The concept of war managerialism was developed by the management scholar Leo McCann as referring to the ‘application of “rational” management discourses and technologies to rhetorically promote, control and normalise war while shrouding its brutal, irrational and uncontrollable nature’. 68
Methods of war managerialism were cultivated during the Vietnam War by former US Defense Secretary Robert McNamara. Those methods were reshaped in the counterinsurgency campaigns of the 2000s. The main expression of war managerialism is found in the quantitative measurement of progress, using statistical analysis, and most famously in the body count of enemy losses. Therefore, in contrast to the objects-centred approach, the focus here is not on the objects to be attacked but on the outcomes of attack.
Israel adopted the method of body count in its campaigns against the Palestinians from the mid-2010s; prior to that it had not been used. For example, in 2018, IDF Chief of General Staff Gadi Eisenkot declared: ‘In the last two years, 171 terrorists were killed in the West Bank alone. This is an immeasurably high number compared to previous years. There are [political] elements who want to present the military . . . as a cowardly military . . . The opposite is true’. 69
War managerialism can remedy a legitimation deficit inherent in military policies. In the case of Vietnam, body count was invoked to address the challenge to justify the war, especially by quantifying results when the war does not focus exclusively on geographic but rather on cultural objectives, such as ‘winning hearts and minds’, which are difficult to quantify. 70 New criteria were thus created. In the case of Israel, the challenge, as reflected in Eisenkot’s rhetoric, was to demonstrate the determination of the military, which was facing criticism from rightist groups, to fight the Palestinians.
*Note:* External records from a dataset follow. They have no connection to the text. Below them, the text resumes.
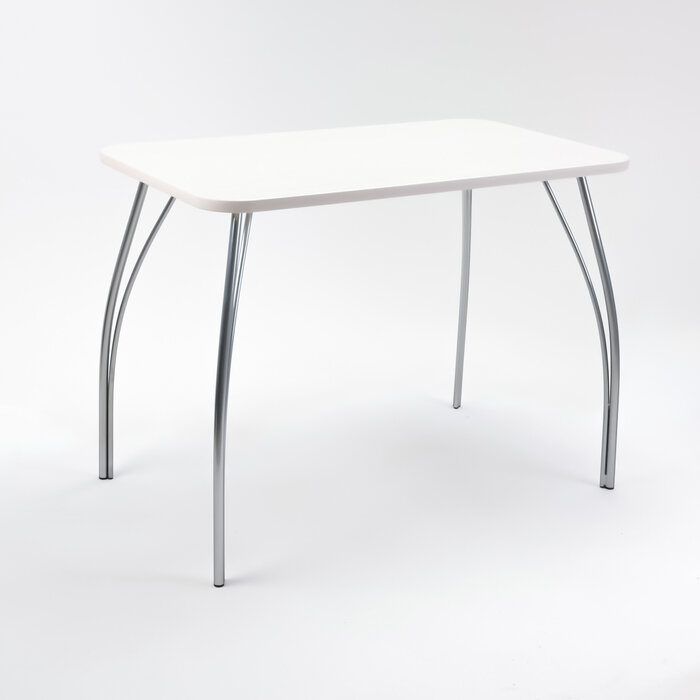 фото Стол обеденный LAKSI, 1000*590*750, дуб беленый 10285475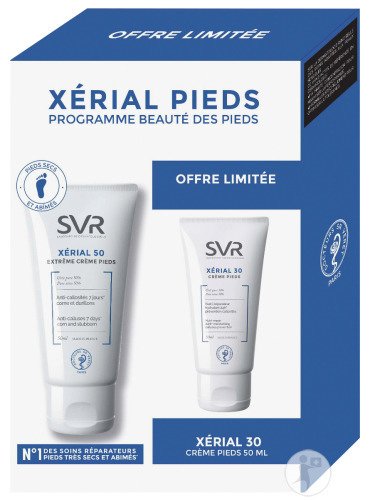 SVR gift set Xérial 30 foot cream tube 50ml + Xérial 50 Extreme foot cream tube 50ml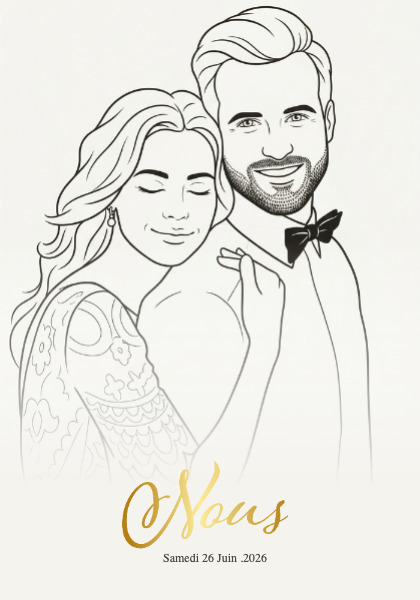 Poster Mariage Dessin
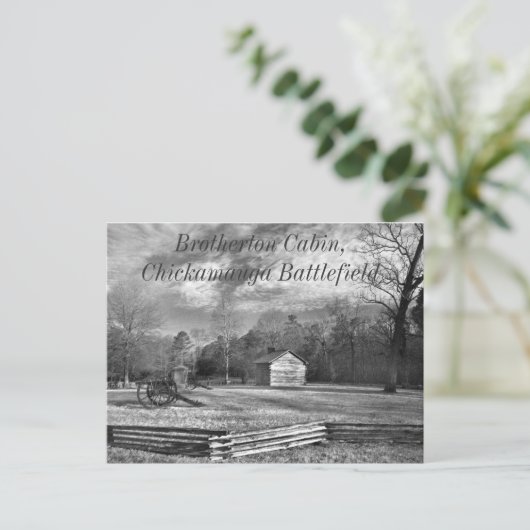 Carte postale de Chickamauga (Debout devant)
In both cases, body count replaced legitimacy based on the ends achieved, as the achievements were poor.
Drawing on the concepts offered by sociologist Andrew Abbott, military work is legitimised by its results – that is, the promotion of values such as nationalism and freedom – whereas the means, death, and destruction are not normally legitimised in themselves. 71 However, insofar as results come into question, and the legitimation of results therefore declines – a deficit inherent in the nature of irregular warfare, as mentioned above – there is more room for legitimising means, that is, the way results are produced, by highlighting their direct impact. Products of means become a way of measuring success by demonstrating efficiency. A means-centred approach may almost naturally slide into measuring the results of the operation of means.
Viewed from a different angle, functioning in a competitive climate, especially in light of the global trend of cutting military spending, politicians and generals are constrained to justify the investment in the procurement of weapons systems. This further fuels a means-centred debate that can be spelled out in terms of efficient results. Drones, for example, appeal to the economic logic but at the same time stifle deliberation on the problematic consequences of their use. 72
An alternative to instrumental rationality is the restricted use of available means. A good example is the policy designed by Major General Stanley McChrystal, commander of US and NATO forces in Afghanistan in 2009–10. In line with the ‘hearts and minds’ approach, McChrystal tried to reshape the military mind-set by setting new criteria for success: ‘It’s not the number of people you kill; it’s the number of people you convince’. 73 Therefore, he even called for limiting the killing of insurgents, not only civilians. 74 McChrystal’s viewpoint thus stood in opposition to instrumental rationality, especially with regard to the body count that the flawed application of this thinking brought about. Available means were not used and the ends were independently set in a manner that ignored their availability. McChrystal adhered to legitimation of results by shaping new ends – alas less quantifiable than body count – ends that were partly disconnected from the means.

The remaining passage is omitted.